Wykonawcą rosołu jest mój mąż, i zapewniam, że jest to najlepszy mąż na świecie, a to nie tylko za sprawą najlepszego rosołu, który co niedziela wyczarowuje specjalnie dla mnie ;-)
- 2,5 litra wody
- 2- 4 udka kurczaka
- 2- 4 skrzydełka kurczaka
- szyja indyka (opcjonalnie)
- kawałek pręgi wołowej (opcjonalnie)
- 4 liście laurowe
- kilka ziarenek ziela angielskiego
- 3 marchewki
- 1 cebula albo 1 por
- pół bulwy selera
- jedna duża pietruszka
- pieprz do smaku
- sól morska do smaku
- 2 kostki rosołowe (najlepiej organic)
- natka pietruszki
- mały por do posypania
- ugotowany makaron nitki
Przygotowanie:
1. Do garnka, Kamil wkłada umyte mięso, ziele angielskie i liście laurowe, zalewa zimną wodą i gotuje na małym ogniu około godziny, aż mięso będzie kruche. W czasie gotowania sukcesywnie zbiera szum.
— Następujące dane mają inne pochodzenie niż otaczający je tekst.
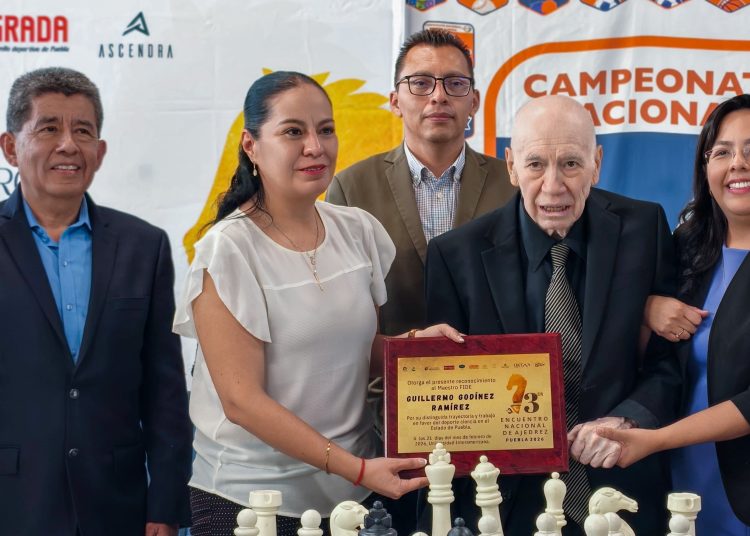 Exitoso Tercer Encuentro Nacional de Ajedrez en Puebla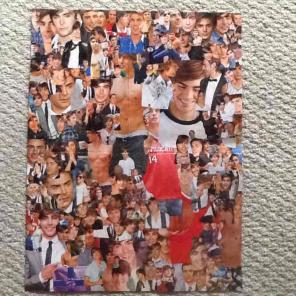 Zac Efron big collage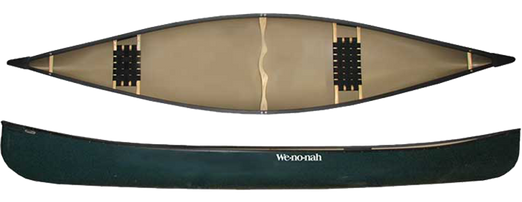Wenonah Prospector 16' Ultra Light River Canoe - 40 Lbs.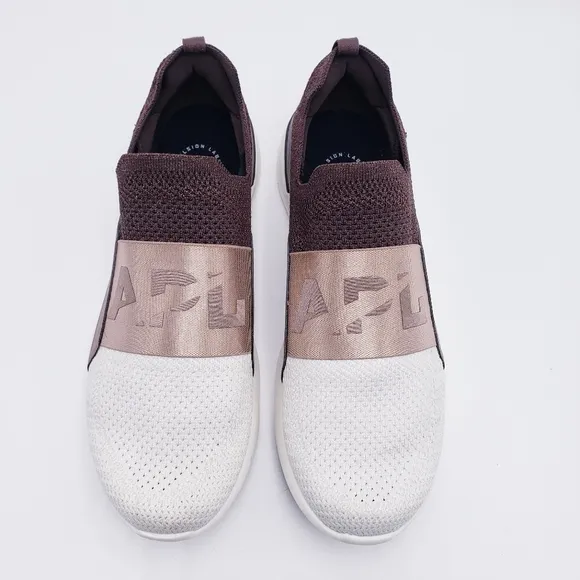 APL TechLoom Bliss Knit Running Shoes Slip On Sneakers Women's Size 11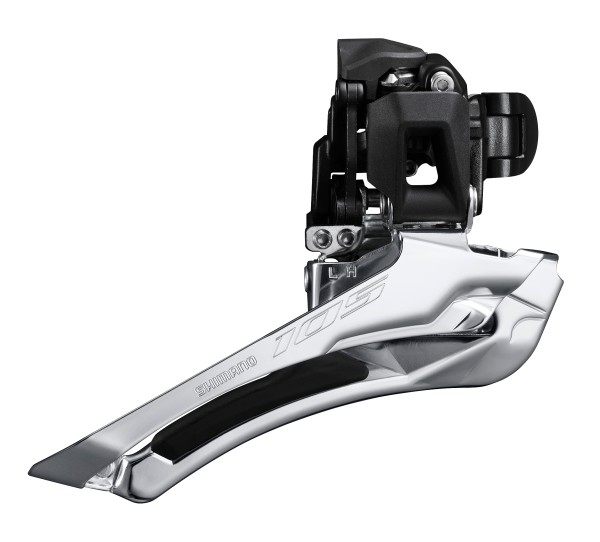 Shimano Dérailleur avant 105 FD-R7100 2x12 Down Swing 61-66° bride (34.9 mm)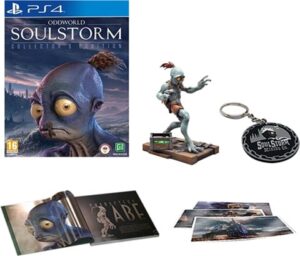 Oddworld: Soulstorm Collector's Ed. w/Figurine, Artbook, Keychain & Print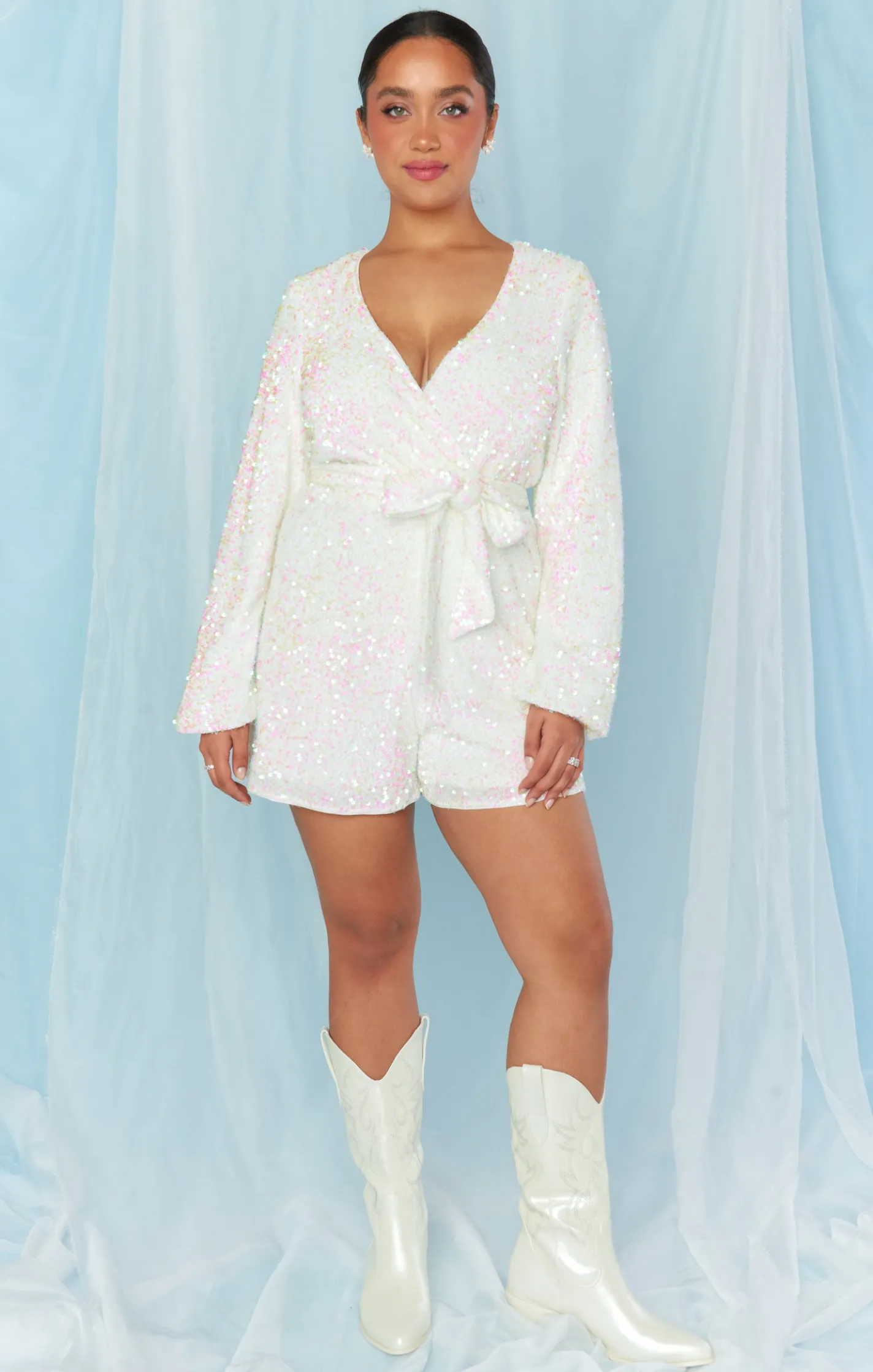 Show Me Your Mumu Love on the Dance Floor Romper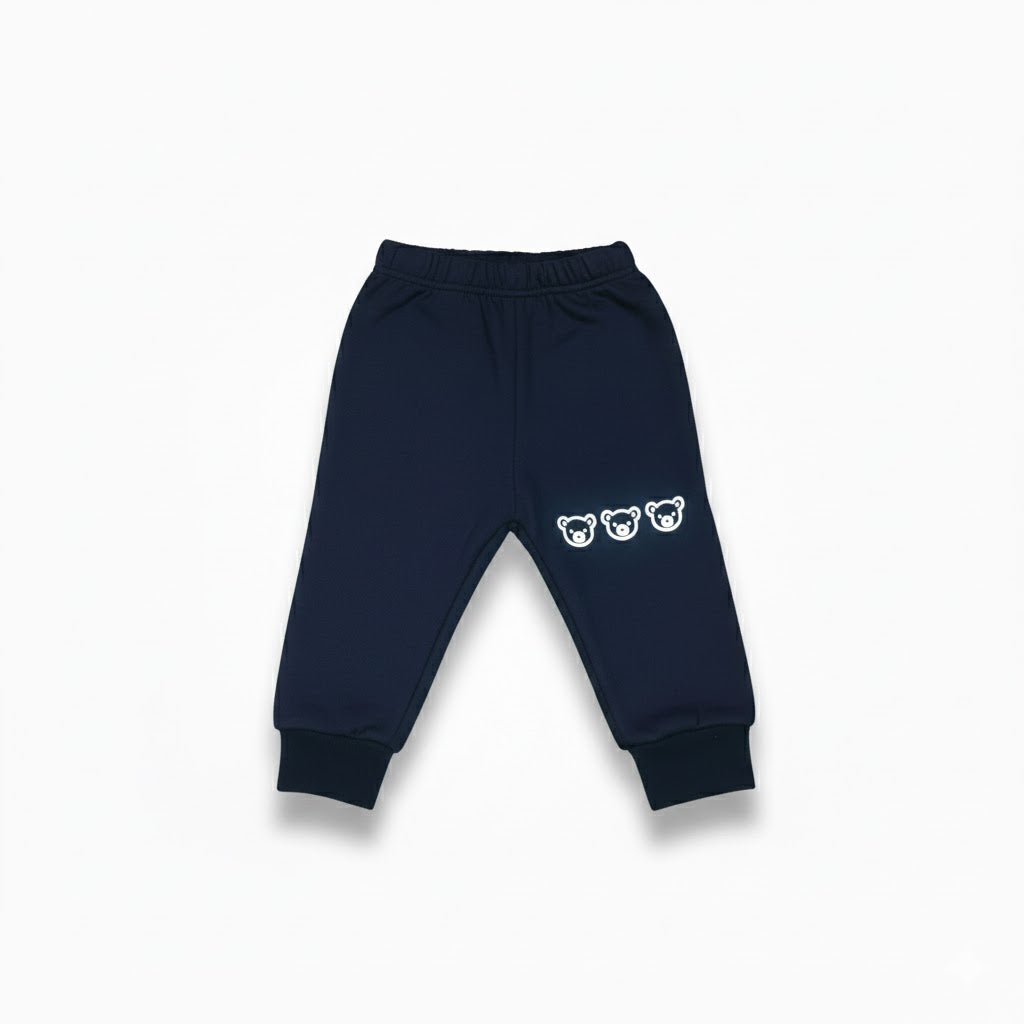 Teddy's Comfort Orange Black Tracksuit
2. Kiedy mięso się gotuje, Kamil obiera, myje i kroi warzywa. Po 60 minutach wyławia z zupy mięso (można tego nie robić i dalej gotować z mięsem).
3. Marchew, cebulę/ pora, selera, pietruszkę i kostki rosołowe dokłada, do pyrkającej od kilkudziesięciu minut, na wolnym ogniu, zupy i gotuje kolejną godzinę lub dłużej, aż warzywa będą kruche.
4. Pod koniec gotowania ponownie wkłada do garnka drób, pręgę wołową i doprawia rosół do smaku solą i pieprzem.
5. Podaje z ugotowanym makaronem z dodatkiem posiekanej natki pietruszki.